* WORK ORDER:
Could you restate word for word each line from the top of the listing below through the line containing "Long Sleeve Cotton"? Keep the pictures out.

* INFORMATION SUPPLIED:
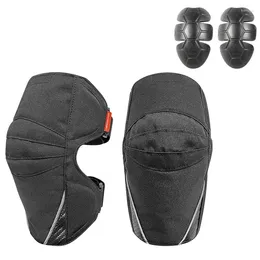 Motorkleding Kniebeschermer Verstelbare motorcrossuitrusting Set Guards Beschermend wintermasker Outdoor sportuitrusting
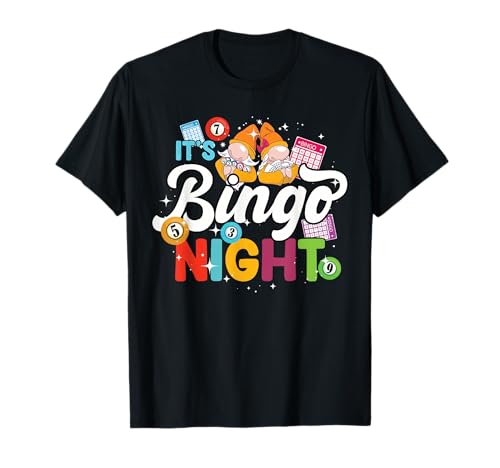 It's Bingo Night Damen Herren Lustiges Bingo T-Shirt von Bingo Gnome Designs for Bingo Lover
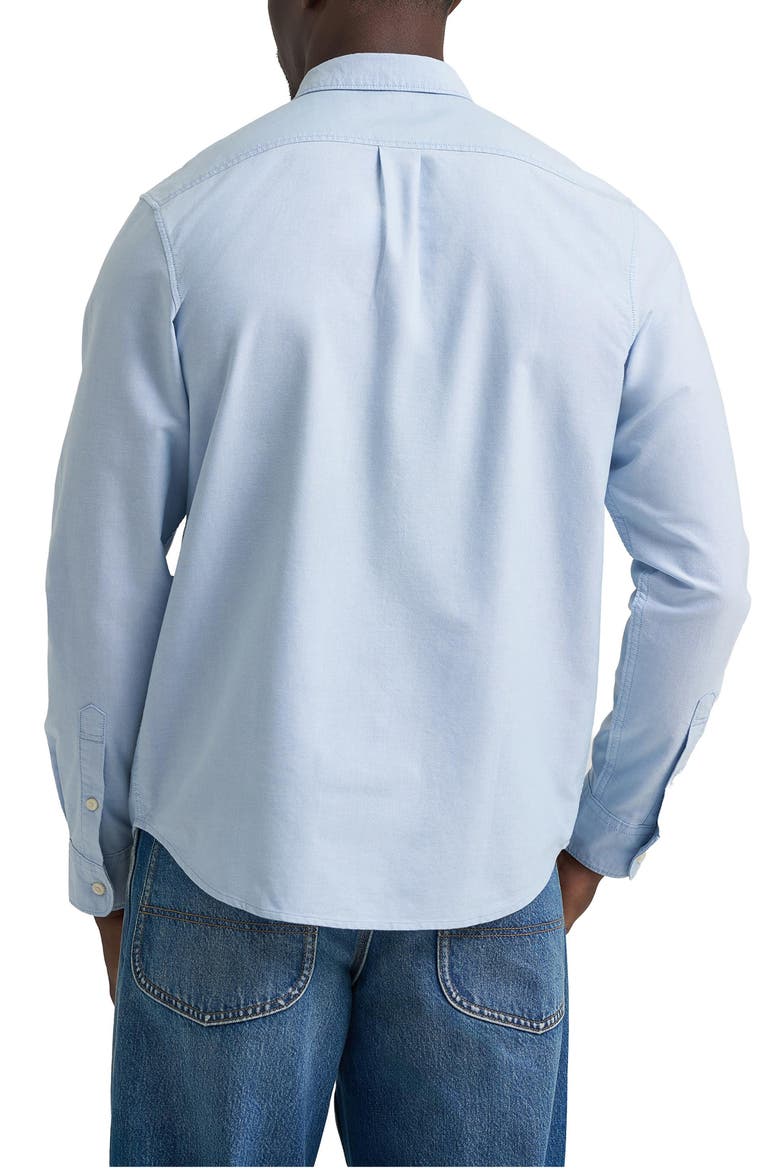 Long Sleeve Cotton Button Down Shirt, Alternate, color, HALOGEN CROSSED CLOUD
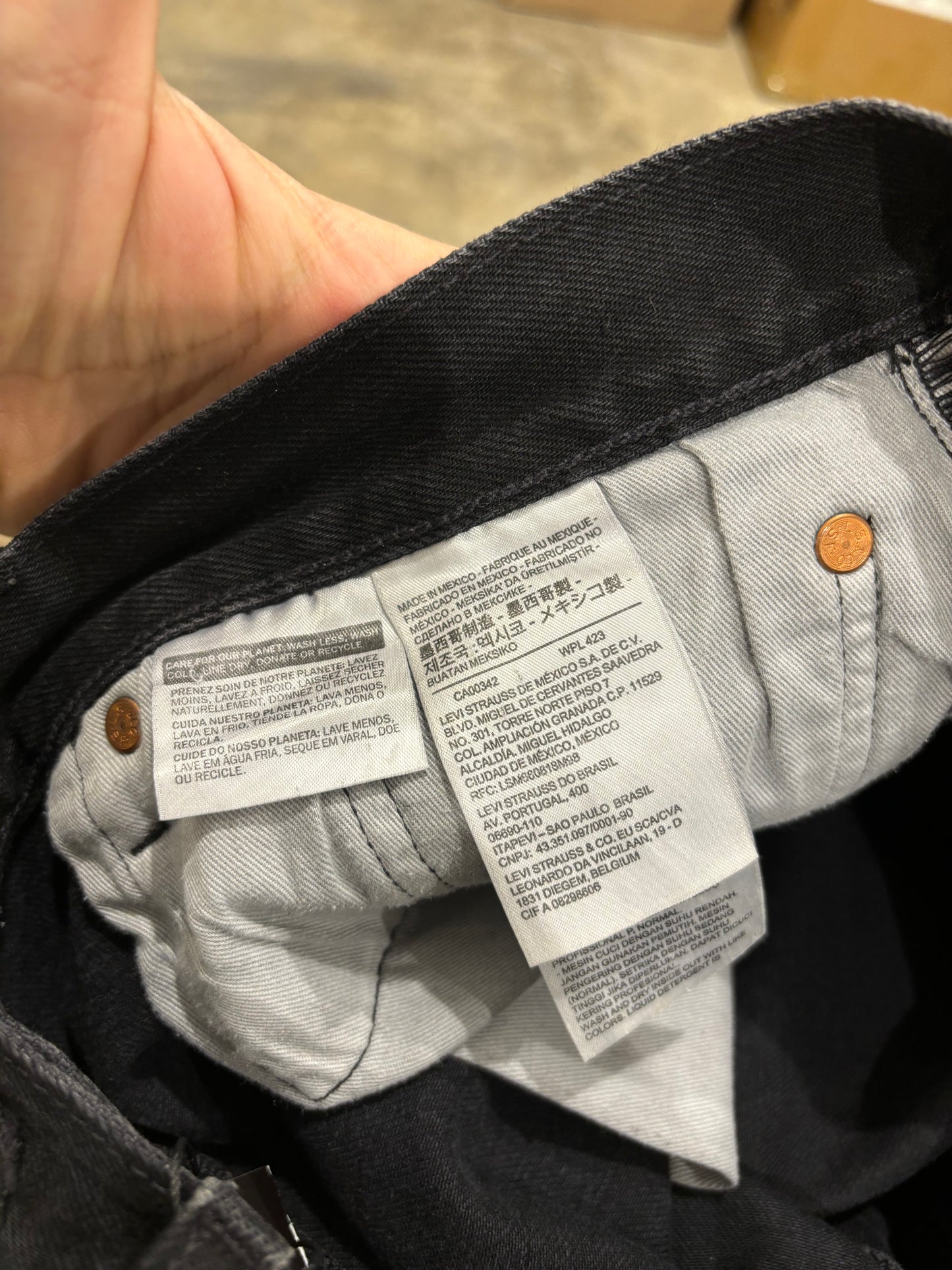 Denim Tears Jeans Black One Flower Used 33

* EXERCISE OUTPUT:
 Motorkleding Kniebeschermer Verstelbare motorcrossuitrusting Set Guards Beschermend wintermasker Outdoor sportuitrusting
 It's Bingo Night Damen Herren Lustiges Bingo T-Shirt von Bingo Gnome Designs for Bingo Lover
 Long Sleeve Cotton Button Down Shirt, Alternate, color, HALOGEN CROSSED CLOUD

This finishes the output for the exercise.